Problem details:
Write the data out in full and word for word. Do not include images.

-- Data for review follows --

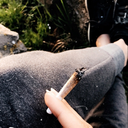 sentoutofhell avatar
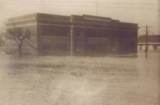Silver Grove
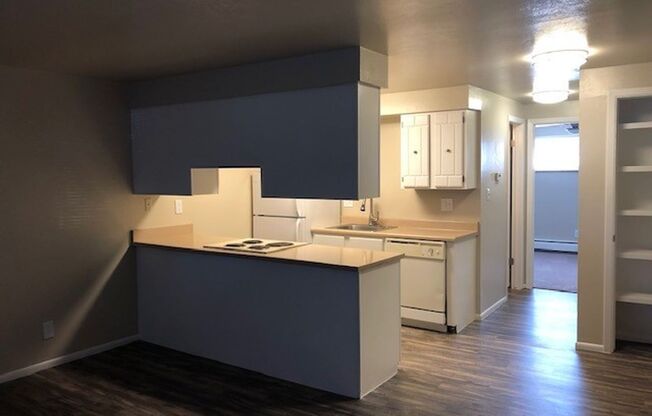 1 bed, 1 bath, 650 sqft, $1,285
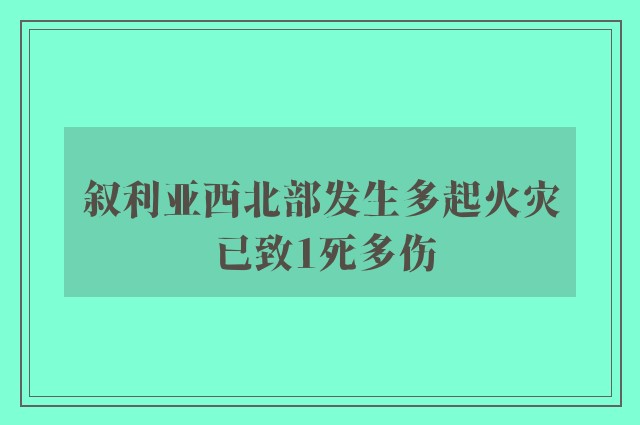 叙利亚西北部发生多起火灾 已致1死多伤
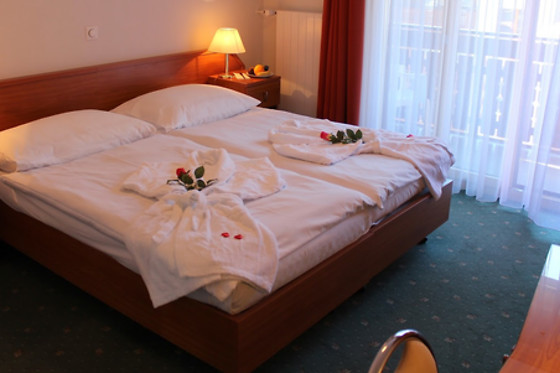 Hotel Elite Zermatt AG - photo 0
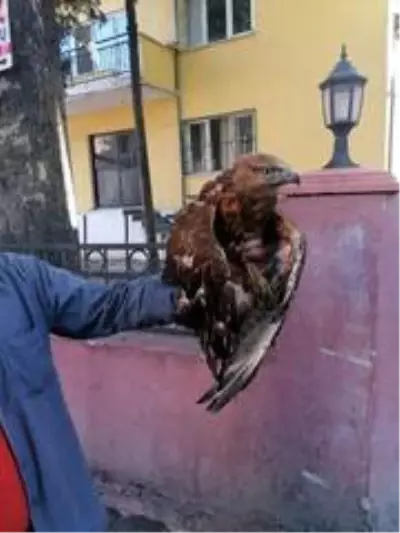 Bitkin bulunan yavru Kızıl Şahin koruma altına alındı Bitkin bulunan yavru Kızıl Şahin koruma altına alındı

-- Data for review concluded --

Solution to this problem:
 sentoutofhell avatar
Silver Grove
 1 bed, 1 bath, 650 sqft, $1,285
 叙利亚西北部发生多起火灾 已致1死多伤
 Hotel Elite Zermatt AG - photo 0
 Bitkin bulunan yavru Kızıl Şahin koruma altına alındı Bitkin bulunan yavru Kızıl Şahin koruma altına alındı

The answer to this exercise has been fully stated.